Greece: Is more belt-tightening worth it?
12 September 2011
“Cuts and more cuts, the strongest will survive,” runs a headline in Greek daily Eleftherotypia, following the government’s announcement of new budget cuts, totalling €1.7 million, aimed at bringing the deficit down to 7.6% of GDP as demanded by the troika (the European Central Bank, the European Commission and the International Monetary Fund).
The announcement, which ended 48 hours of suspense, was made at a time of a tense social and political climate and at a time when Greece’s European partners are talking more and more openly about the problem posed by remaining within the eurozone at any price and of exiting the single currency to return to the drachma, the paper says.

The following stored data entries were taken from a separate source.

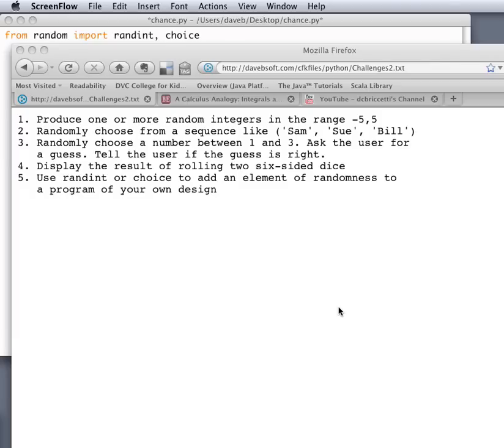Here are five problems having to do with random numbers, and we'll do the solutions with Python.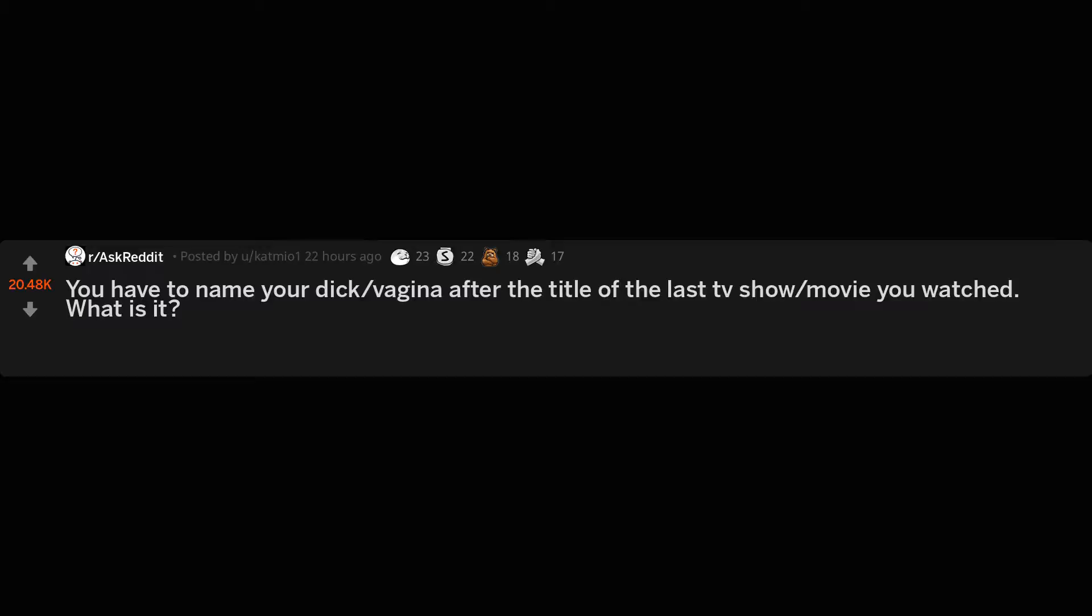Like and subscribe. You have to name your vagina after the title of the last TV show or movie you watched. What is it?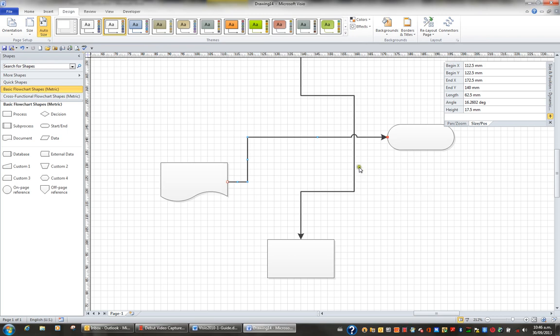You can also control the look of the line jump and decide that you don't want to see them at all, or only on horizontal lines, only on vertical lines, in all sorts of settings. If you want to control line jumps completely,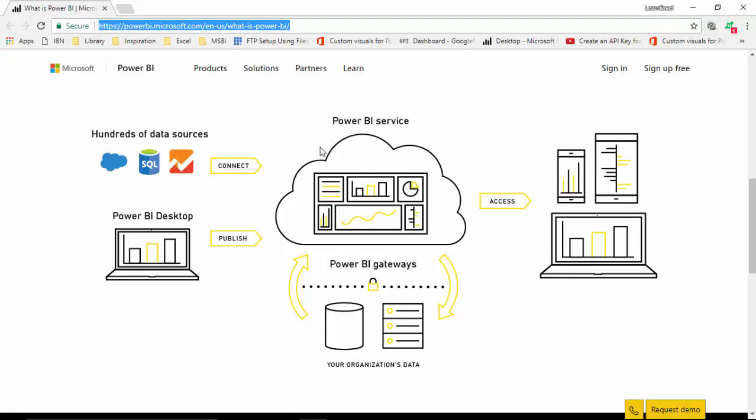Now you can see that Power BI retrieves data from hundreds of data sources, and it uses a tool called Power Query which has been integrated into Power BI. So you can get data from CSV files, Access files, SQL, HDFS, and multiple other data sources as well.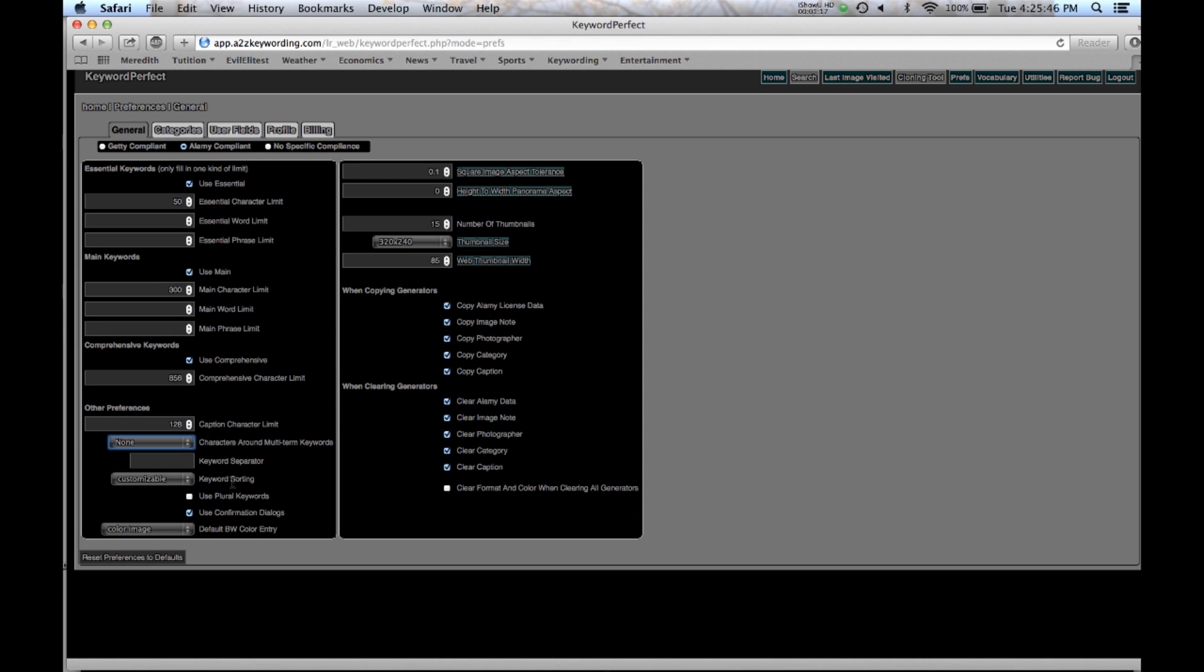With keyword sorting, the separator is a blank space and the sorting is done customizable as opposed to alphabetic. Customizable is using a weighted vocabulary which we've talked about in previous tutorials and it also does not use plural keywords.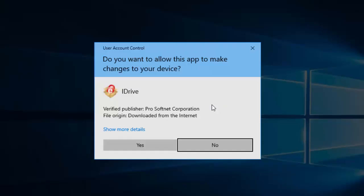It will now say do you want to allow this app to make changes to your computer? Make sure here it says iDrive. Make sure the verified publisher is Pro Softnet Corporation and the file origin is downloaded from the internet. If these match, move your mouse over yes and left click once. If they don't match, move your mouse over no and left click once.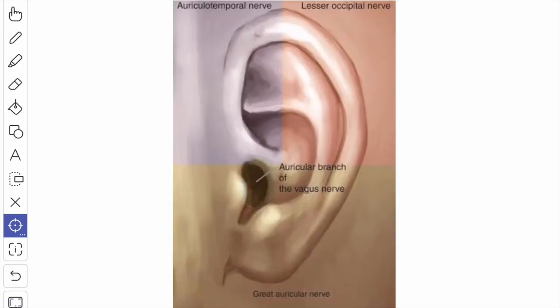Next, we will see the auriculotemporal branches of the auriculotemporal nerve. The auriculotemporal branches supply the skin of the tragus and the adjoining part of the auricle, and also the roof and the anterior wall of the external acoustic meatus, and also the adjoining cuticular layer of the tympanic membrane.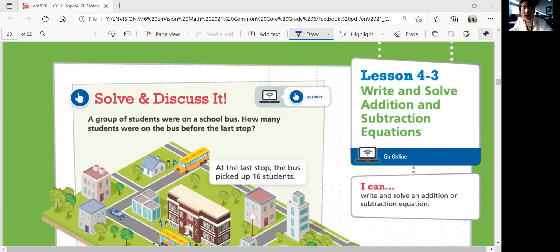Hello, this is Math 6, Lesson 4-3: Write and Solve Addition and Subtraction Equations. In this lesson, we'll be able to write and solve an addition or subtraction equation.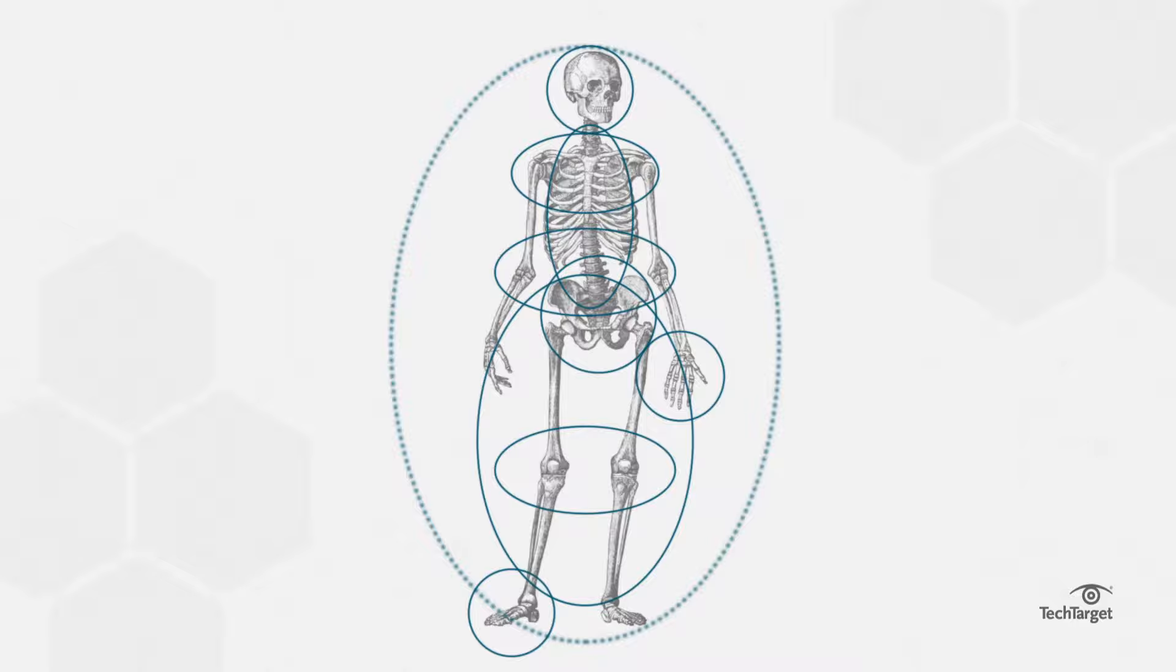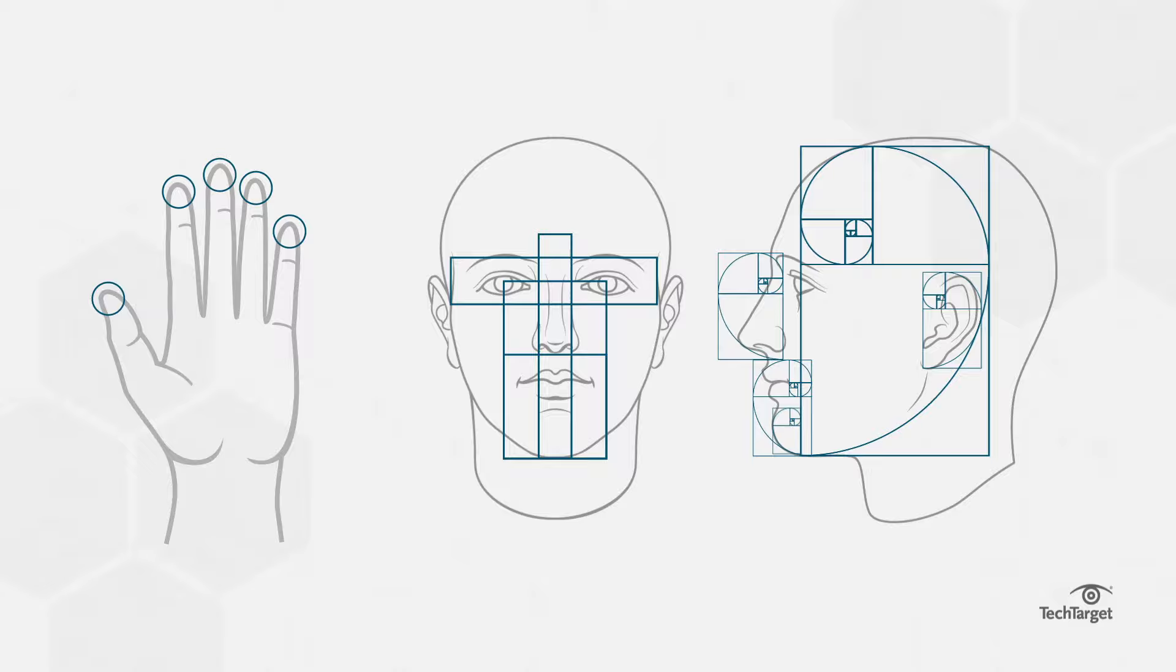Most body parts follow the numbers 1, 2, 3, and 5, from the fingers on each hand to the proportions on your face, also known as the golden ratio, roughly 1 to 1.6.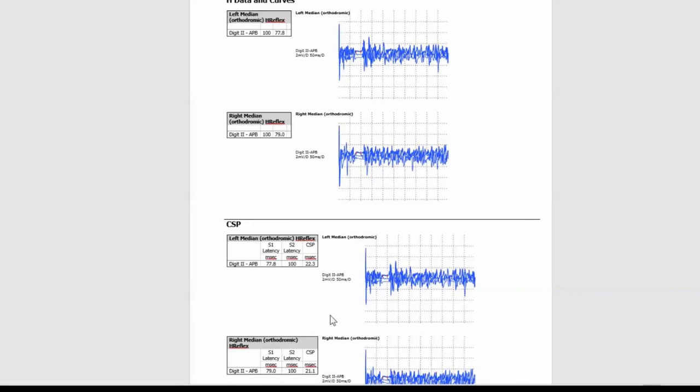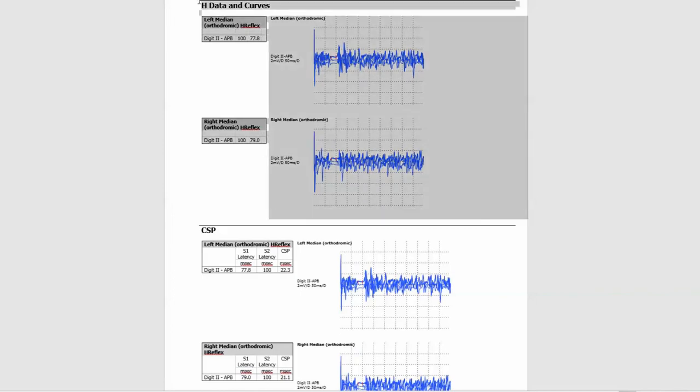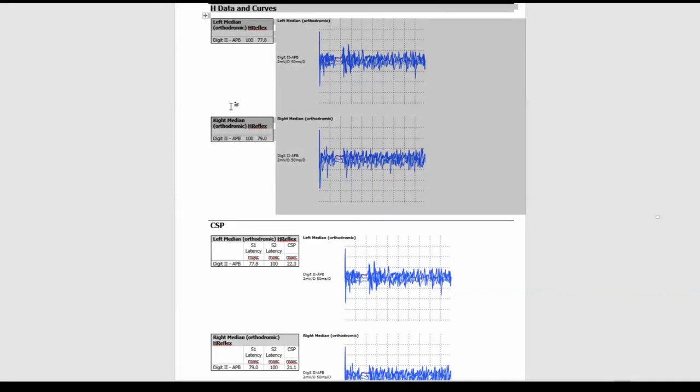All you simply have to do now is to select H data and curves from that aspect and that element of the report and delete it. And there you go. That's your cutaneous silent period all sorted.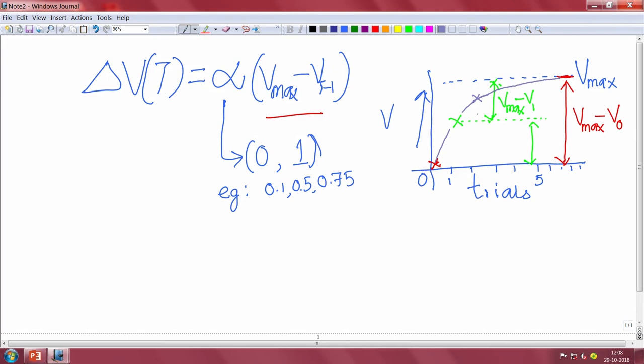Eventually the animal asymptotes to V_max — and once you draw it out you see the familiar learning curve. This apparently simple model is very good at capturing every single thing we have discussed so far, and we are going to see in the next lecture exactly how this happens. Thank you.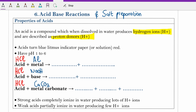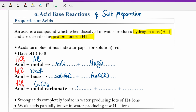When you react an acid with a metal you get a salt plus hydrogen gas. When you react an acid with a base you get a salt plus water — remember the salt is initially in solution, but once you evaporate the water you can form your solid salt. When you react a metal carbonate with acid you get a salt plus carbon dioxide gas plus water as a by-product.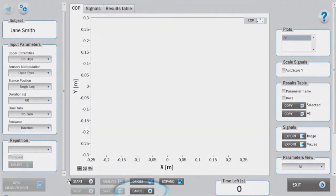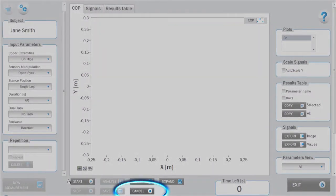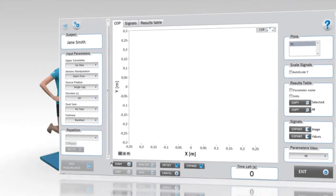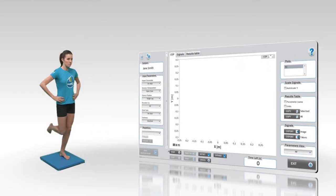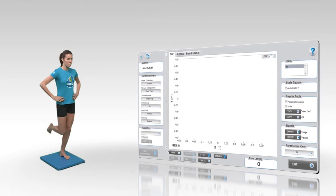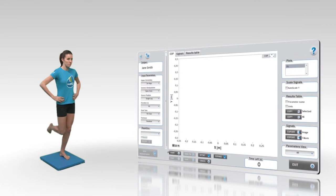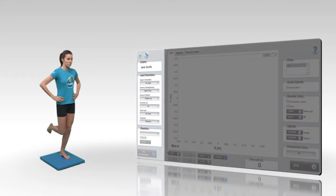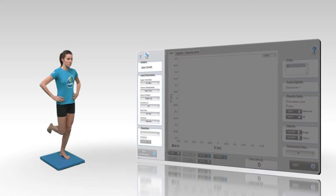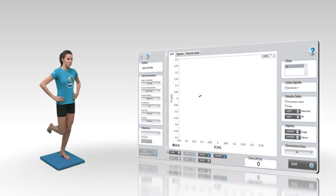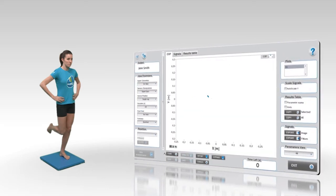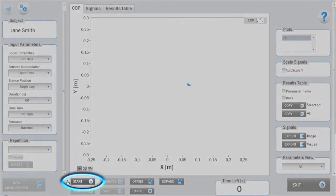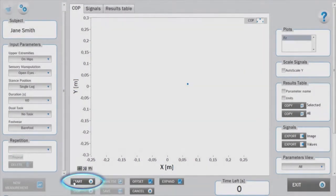Before starting with the measurements, the subject must assume an appropriate initial position which is determined with the input parameter. The goal of the task is to stand as still as possible. Initiate the measurements by pressing the start button.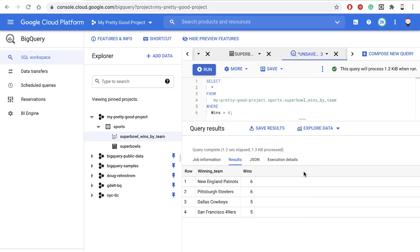In this video, we saw how easy it is to create a view in BigQuery. This is Doug Brenstrom with ROI Training.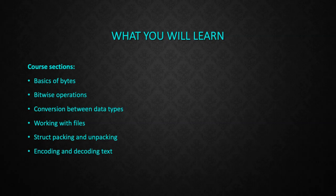We'll also cover struct packing and unpacking, and we will look at encoding and decoding ASCII, UTF-8, and Base64 text.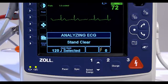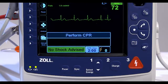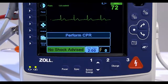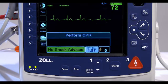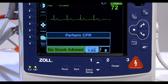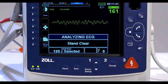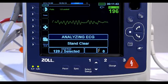When a non-shockable rhythm is detected, the unit displays a No Shock Advised message. Immediately begin chest compressions and continue other treatment per protocol.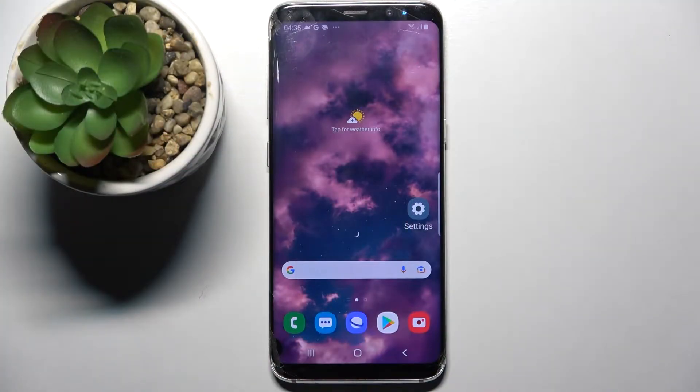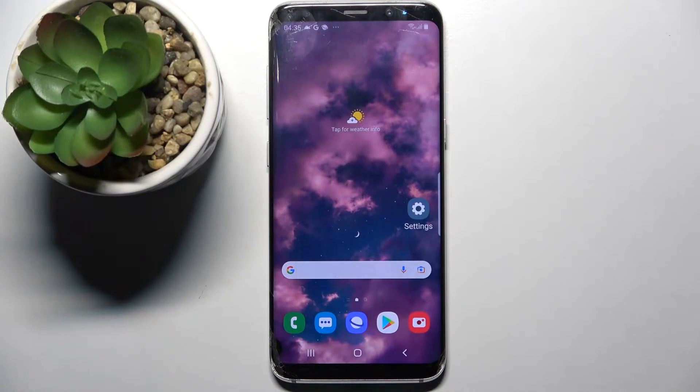Hi! In front of me is Samsung Galaxy S8 and today I would like to show you how you can operate app permissions on this device.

The new measures “show the triple failure of the government,” notes Eleftherotypia. First, it was unable to renegotiate with the troika the terms of its austerity plan in order to reduce its debt-reduction goals for 2011. Secondly, the executive recognises that it depends entirely on the demands of the troika and that it will have to adopt new austerity measures. Finally, the government’s austerity policies are unable to lead the country out of the crisis. “Adopting reforms, back against the wall, selling our sunshine to the Germans and being resigned to having a single salary per family will not suffice to contain the anger of the Greeks regarding these new, never-ending measures,” concludes the Athens paper.